Mobile testing’s combinatorial explosion

If only it was as simple as doubling-up.

In addition to using different technologies, testing rigorously on mobile means testing a wide-range of additional permutations.

Imagine you have just 1 test case, in which the user journey is broadly similar for web and mobile. Testing that same logic on mobile must additional “cover” a wide-range of factors. These include:

  1. Which device is being used?
  2. Which mobile browser is being used?
  3. Which mobile operating system is being used?
  4. Do device features function properly on each phone and tablet? This might include gestures, cameras and file uploads, as well as mobile technologies like gyroscopes and accelerometers [2].
  5. Does the test pass under different localisation settings? [3]
  6. What happens under different network conditions and events, such as switching from data to WiFi or going offline?
  7. What happens during an interruption, such as a push notification, a system update, or running out of battery? [4]

In addition to all of this, native apps must further pass checks performed by different app stores, adding even more permutations to test.

These factors create a “combinatorial explosion” of possible mobile logic to test. Consider a simplified example, where you want to execute 1 test case on 200 devices and 100 browser/OS combinations. You further want to test 7 gestures, combined in different orders, in 7 locations, with 3 possible network events, the option of interruption or not, and against two app store guidelines.

Even if we leave out the gestures, that combines as follows:

1 × 200 × 100 × 7 × 3 × 2 × 2

This combinatorial explosion creates 1,680,000 permutations. Adding gestures risks exploding that number to over 1 trillion.

Now let’s say you have over existing 100 test cases that you want to execute on mobile; your total number of permutations now exceeds 160 million, far more than you could ever expect to execute manually or using mobile test automation.
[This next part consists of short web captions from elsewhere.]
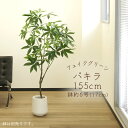 フェイクグリーン 観葉植物 とりよせ品 【メーカー直送品】パキラ(ポット付)《代引決済・他商品と同梱不可》 観葉植物 1.5m 155cm 大型 おしゃれ 春 ...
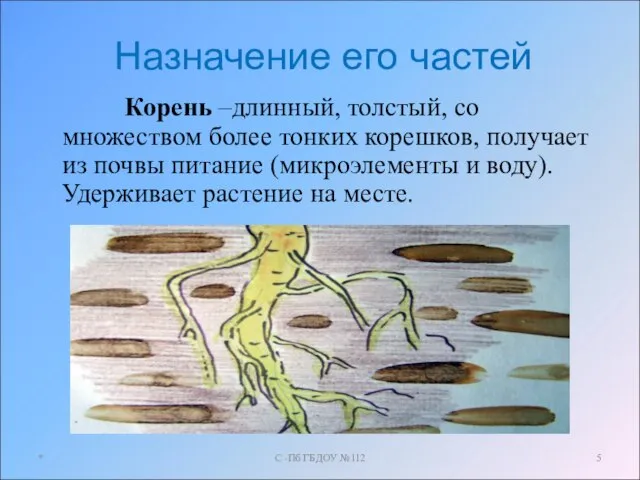 Назначение его частей Корень –длинный, толстый, со множеством более тонких корешков, получает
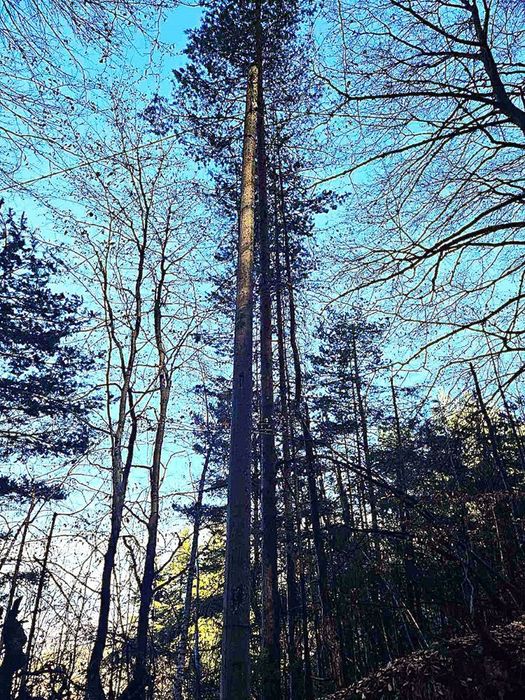 Земеделска земя 1 757 кв.м до последните къщи на Бойково – местност Ф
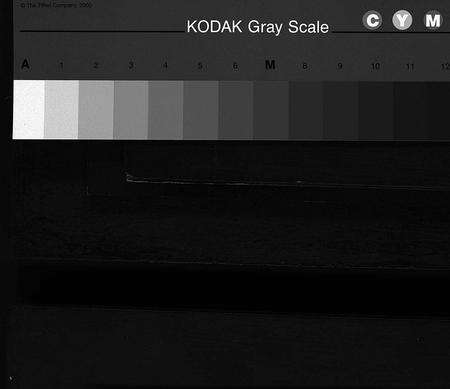 江西、广东刘氏族谱-版塘刘氏族谱 [不分卷].pdf电子版缩略图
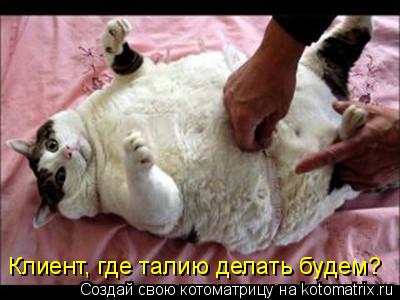 Котоматрица: Клиент, где талию делать будем?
scaling mobile test automation

Scalable mobile test automation must instead be targeted and optimised. This requires a new approach to automated test creation, as otherwise history shows us that automated testing will struggle to get beyond the 15-20% mark.
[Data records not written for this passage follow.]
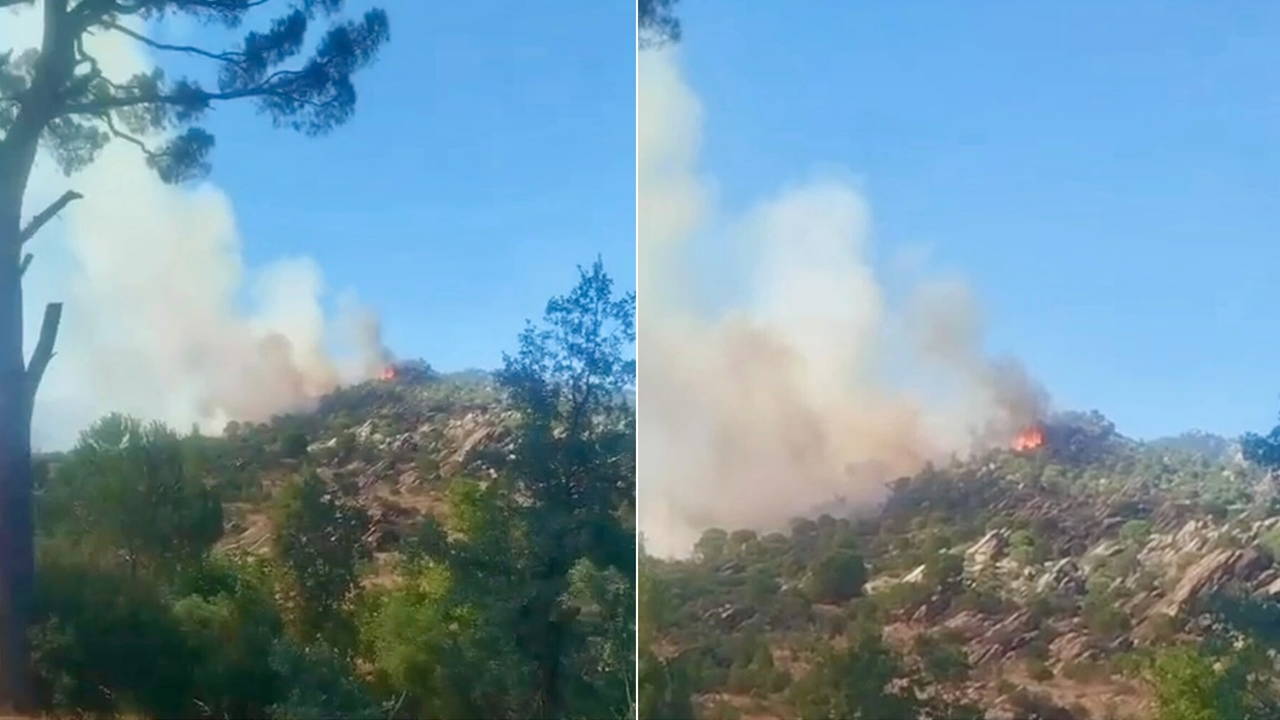 Muğla'da orman yangını: Ekipler müdahale ediyor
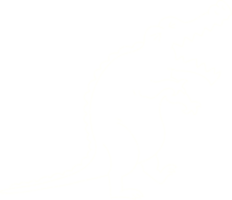 dessin à la craie de crocodile rugissant png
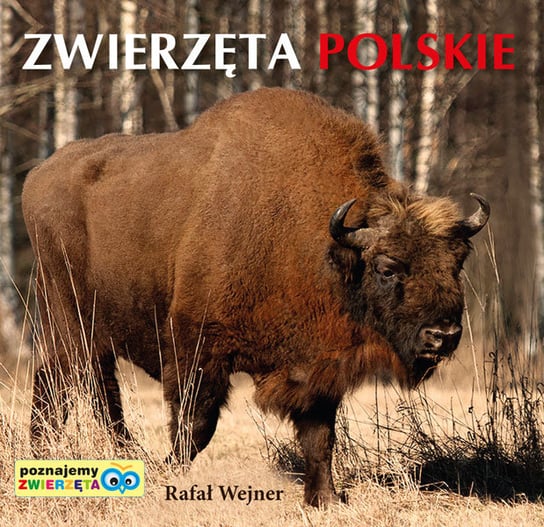 Zwierzęta polskie Wejner Rafał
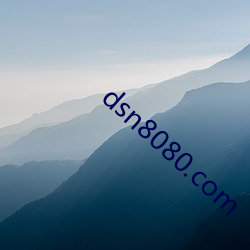 dsn8080.com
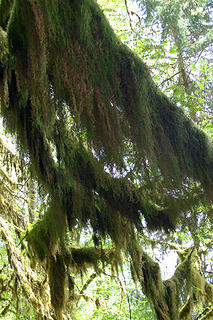 Spanish moss hangs from an ancient tree in the hoh valley.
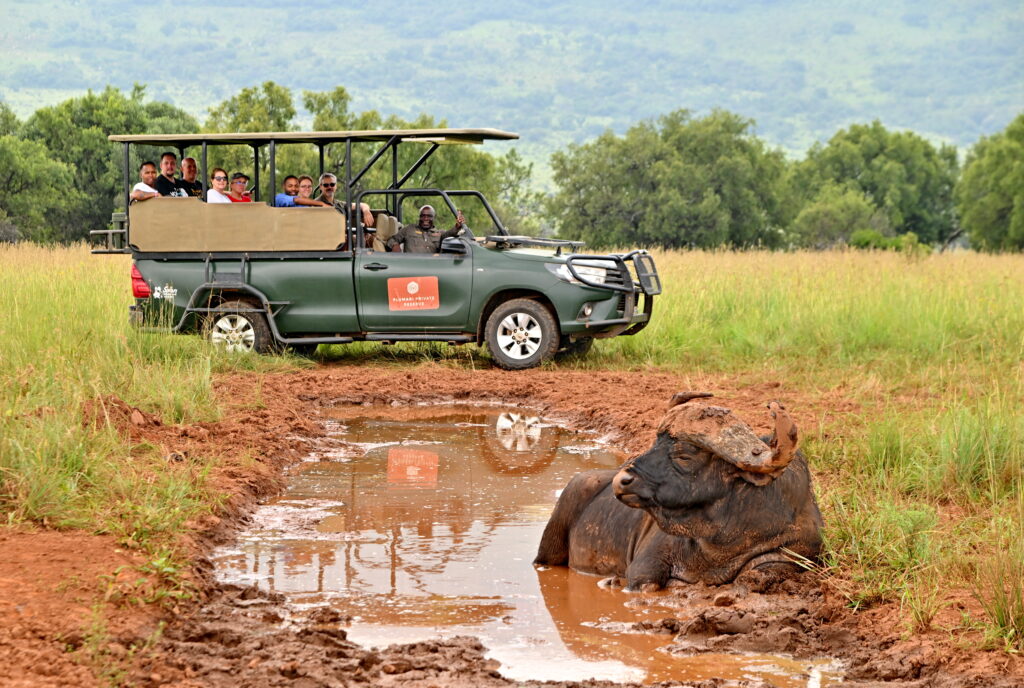 African Hills Safari Lodge & Spa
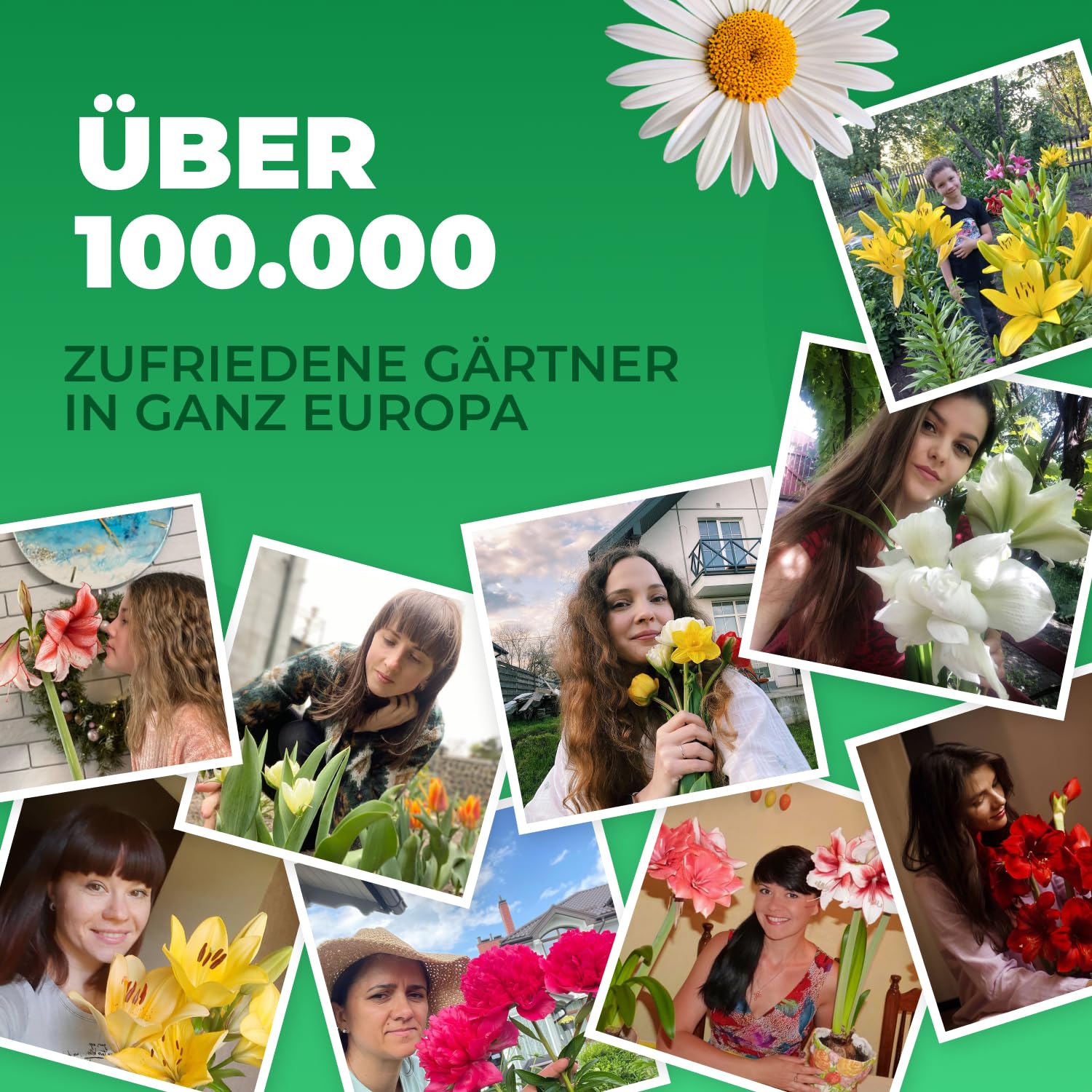 Ranunkeln & Freesien Blumenzwiebeln - 50 Stück Mehrjährig Winterhart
The next article in this series will identify five key lessons to learn from this history of test automation. These will then be inverted by Part 4 into four principles for scalable mobile test automation, before Part 5 sets out a model-based approach to generating rigorous mobile tests at scale.

Want to read all five parts of the series? Download How to Scale Mobile Test Automation.

References:

[1] Capgemini, Sogeti (2022), The World Quality Report 2021-22, P. 23. Retrieved from https://www.capgemini.com/insights/research-library/world-quality-report-wqr-2021-22/ on December 12th 2022.
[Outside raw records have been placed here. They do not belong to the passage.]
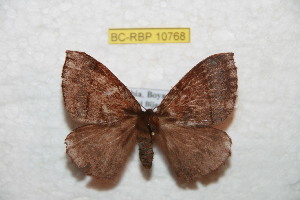  (Janiodes rusrondona - BC-RBP 10768)  @11 [ ] Copyright (2018) Ron Brechlin Research Collection of Ron Brechlin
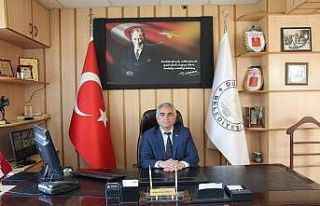 İlçe merkezindeki söğüt ve kavak ağaçları...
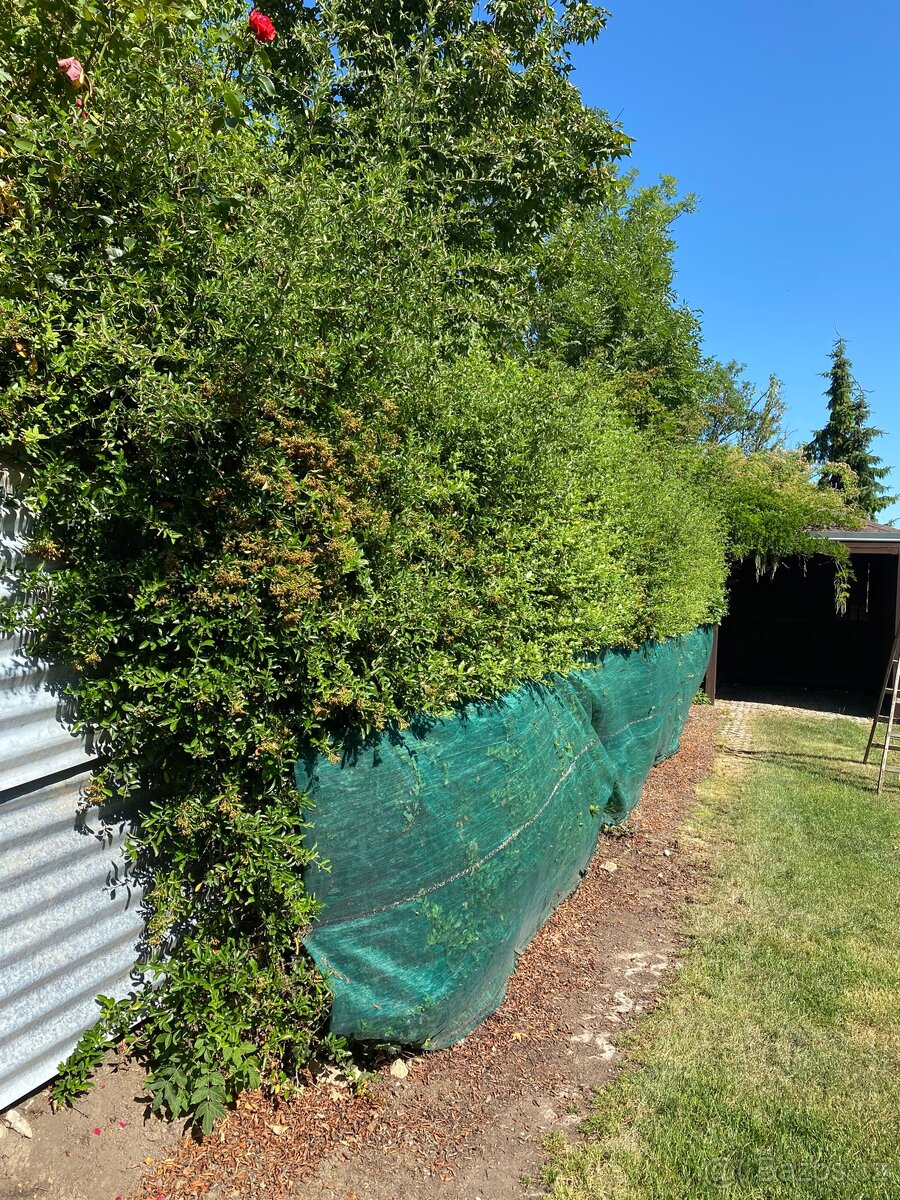 Sekání trávy, údržba zahrad - 13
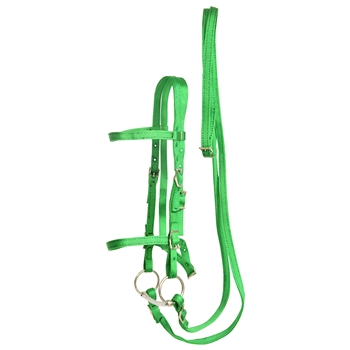 ****PHOTO SAMPLE*** $20 Green Nylon English Bridle & Matching Reins - Horse Size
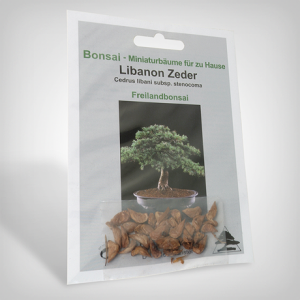 Pflanzensamen, Bonsai - Libanon Zeder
[2] For a good discussion of some of the device features offered by mobile apps and websites, see William Craig (WebFX: 2022), “Native App vs. Mobile Web App: A Quick Comparison”. Retrieved from https://www.webfx.com/blog/web-design/native-app-vs-mobile-web-app-comparison on December 12th 2022; Joe Strangrone (mrc: 2012), “6 “native” features you can use with mobile web apps”. Retrieved from https://www.mrc-productivity.com/blog/2012/01/6-%E2%80%9Cnative%E2%80%9D-features-you-can-use-with-mobile-web-apps/ on December 12th 2022.

[3] For a good discussion of localization testing, see Thomas Hamilton (GURU99: 2022), “What is Localization Testing? Example Test Cases & Checklist”. Retrieved from https://www.guru99.com/localization-testing.html on December 12th 2022.

[4] For a good discussion of interrupt testing, see Thomas Hamilton (GURU99: 2022), “Interrupt Testing in Mobile Application”. Retrieved from https://www.guru99.com/interrupt-testing.html on December 12th 2022.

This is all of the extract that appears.